== Data supplied

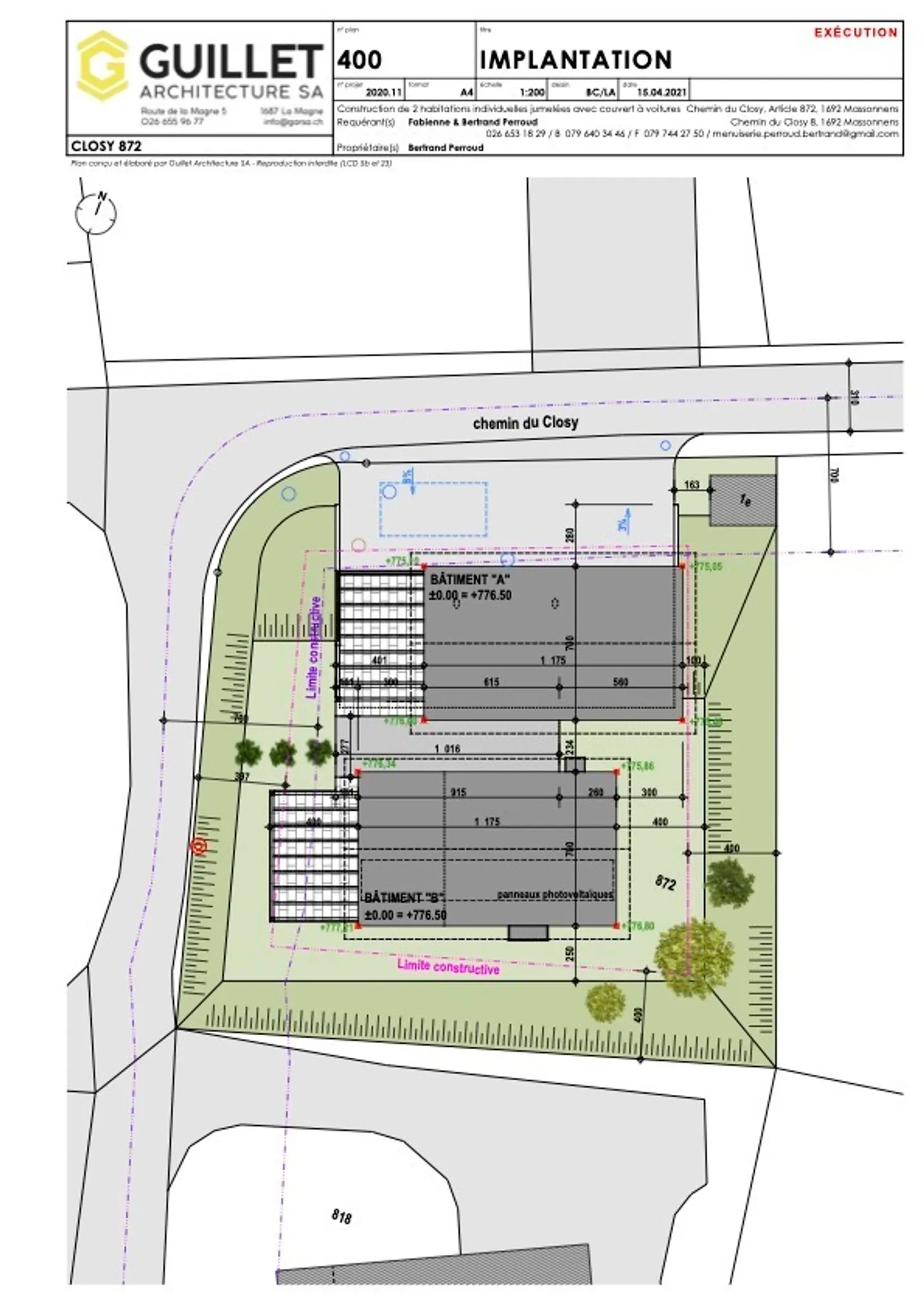 Villa moderne dans un quartier calme à Massonnens - Photo 2 sur 5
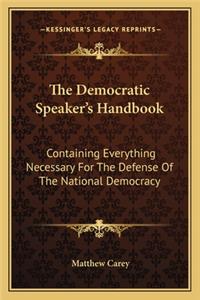 Democratic Speaker's Handbook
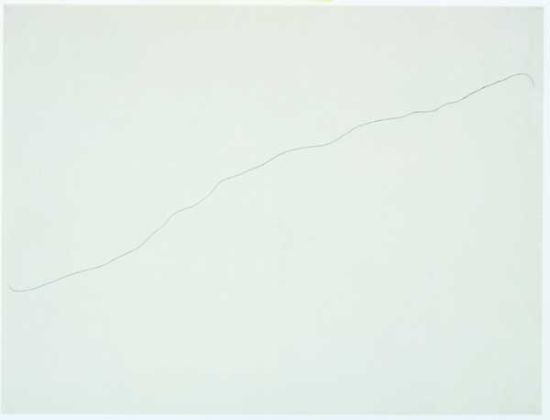米羅的《1968年為一個隱士隔間所作的白底畫I》。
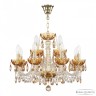 Люстра с цветным хрусталём 5402/8+4/195 G Amber/M-1H K721 Bohemia Ivele Crystal (5402)
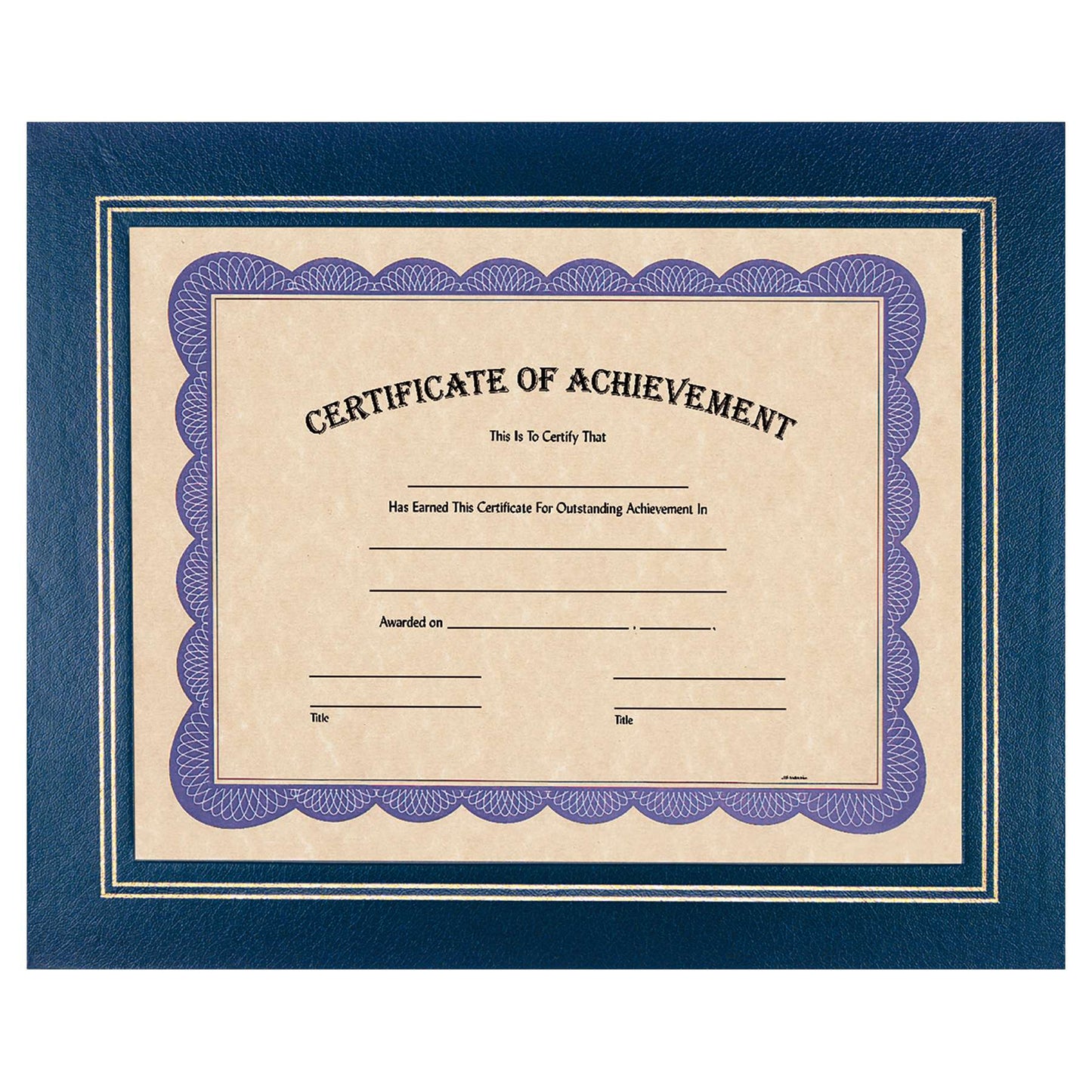 Certificate Holder / Frame - Black, Blue, Green or Red - 10.75" x 13.25" Decade Awards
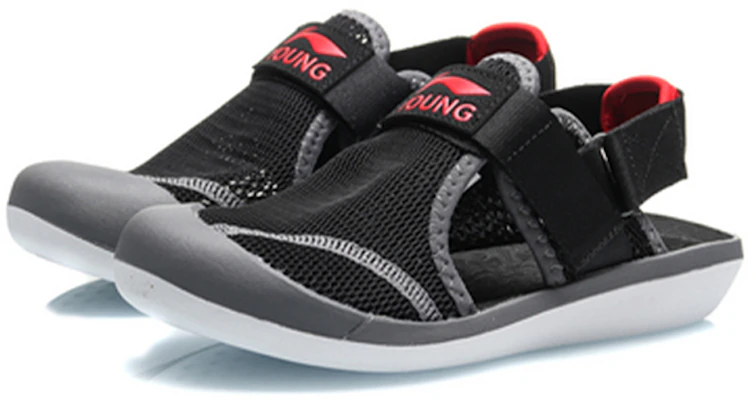 (JR) Sandali Comodi Li-Ning ''Nero Grigio'' YKUQ004-3 Lookbook (JR) Sandali Comodi Li-Ning ''Nero Grigio'' YKUQ004-3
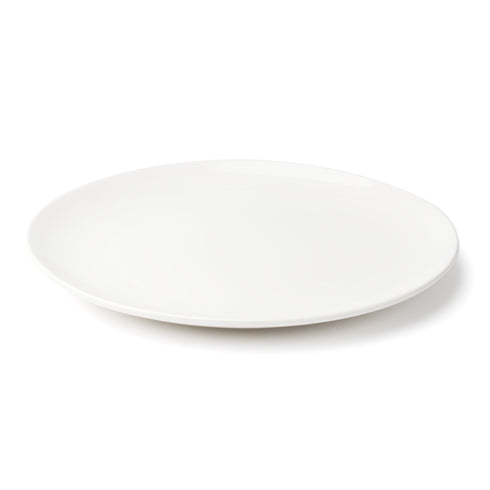 Browne / Assiette style coupe ronde modèle Foundation, 10" blanc, (paquet de 12)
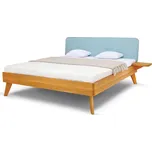 Postelia DEIRA Buk 180x200cm - dřevěná postel z masivu o šíři 4 cm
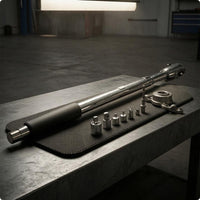 1/2-Inch Ratchet Wrench Knurled Grip Long-Handled Ratchet Wrench Hand Tool Sturdy Corrosion Resistant for Assembly Work
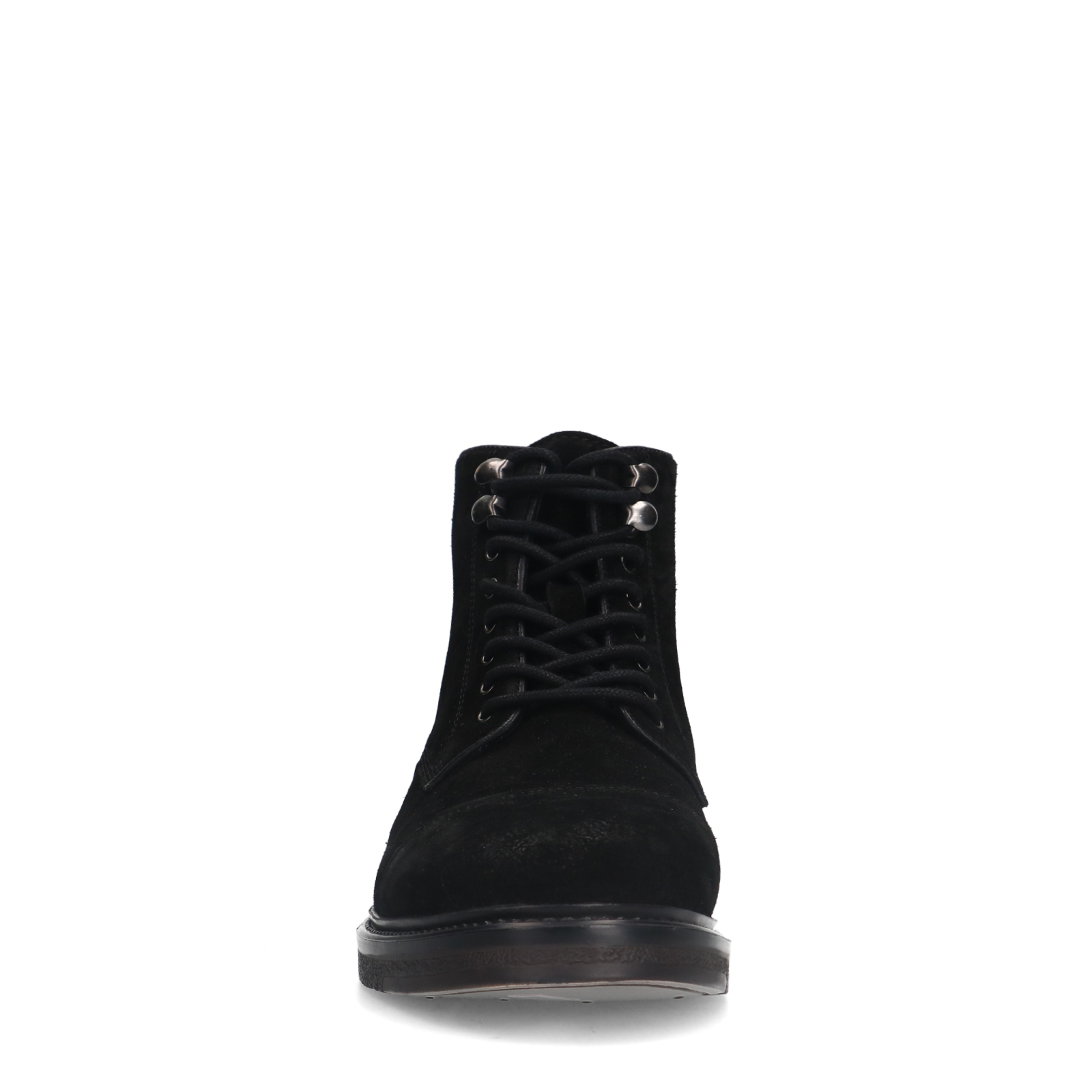 Zwarte suède veterboots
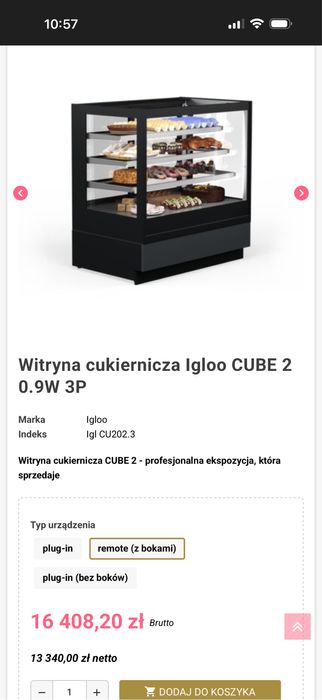 Witryna cukiernicza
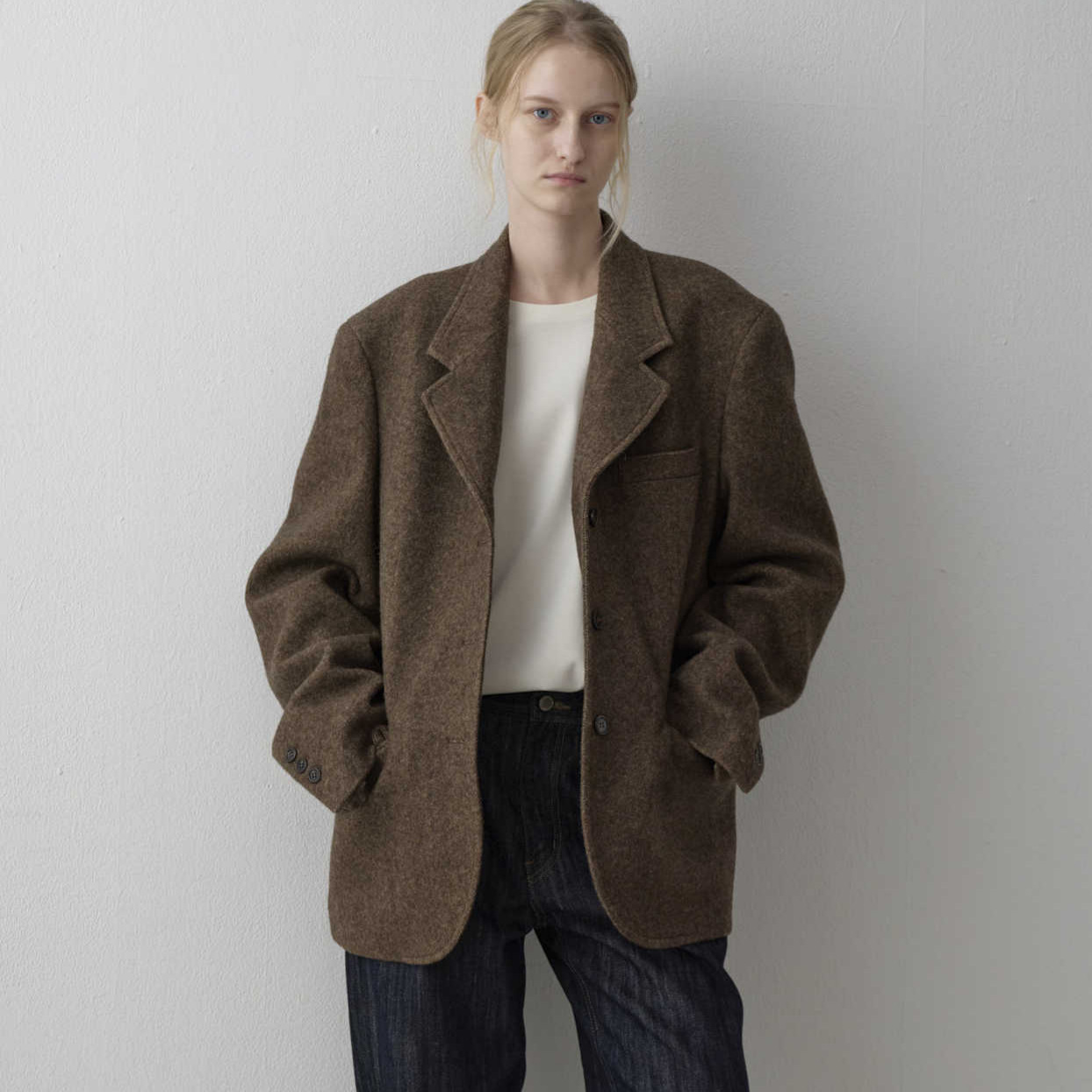 In Stock Fac*De Patte*N Woolen Blazer for Women, New Autumn and Winter Style, Simple and Elegant Commuter Suit Jacket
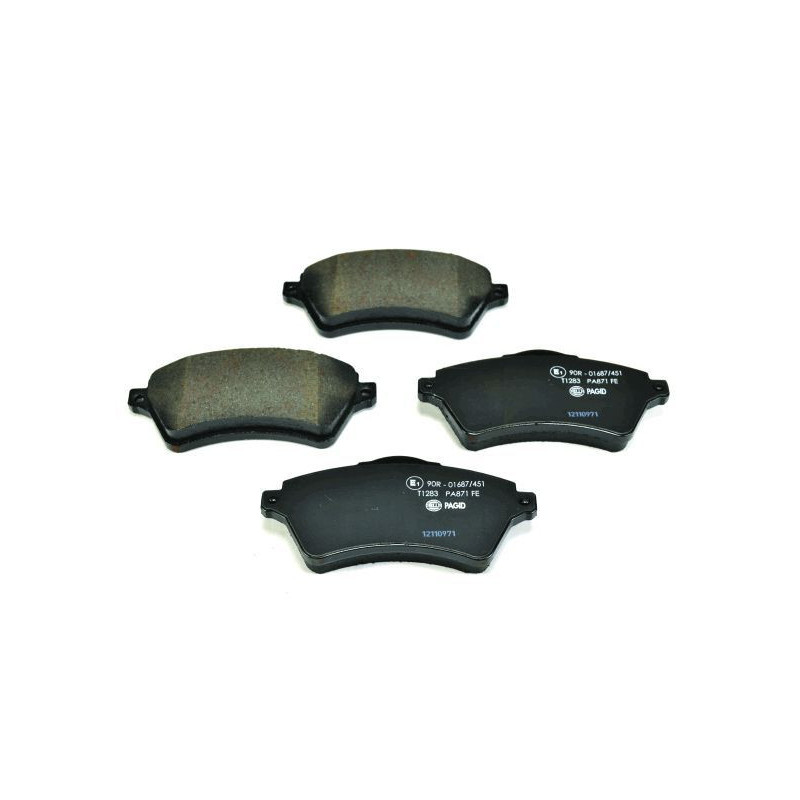 Pastiglie freno asse anteriore - HELLA BRAKE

====

• _Work task_
From the line containing "Certificate Holder /" through the last line of the records, both included, output those lines exactly and nothing else; skip the pictures.

• _Reply_
 Certificate Holder / Frame - Black, Blue, Green or Red - 10.75" x 13.25" Decade Awards
 (JR) Sandali Comodi Li-Ning ''Nero Grigio'' YKUQ004-3 Lookbook (JR) Sandali Comodi Li-Ning ''Nero Grigio'' YKUQ004-3
 Browne / Assiette style coupe ronde modèle Foundation, 10" blanc, (paquet de 12)
 Postelia DEIRA Buk 180x200cm - dřevěná postel z masivu o šíři 4 cm
 1/2-Inch Ratchet Wrench Knurled Grip Long-Handled Ratchet Wrench Hand Tool Sturdy Corrosion Resistant for Assembly Work
 Zwarte suède veterboots
 Witryna cukiernicza
 In Stock Fac*De Patte*N Woolen Blazer for Women, New Autumn and Winter Style, Simple and Elegant Commuter Suit Jacket
 Pastiglie freno asse anteriore - HELLA BRAKE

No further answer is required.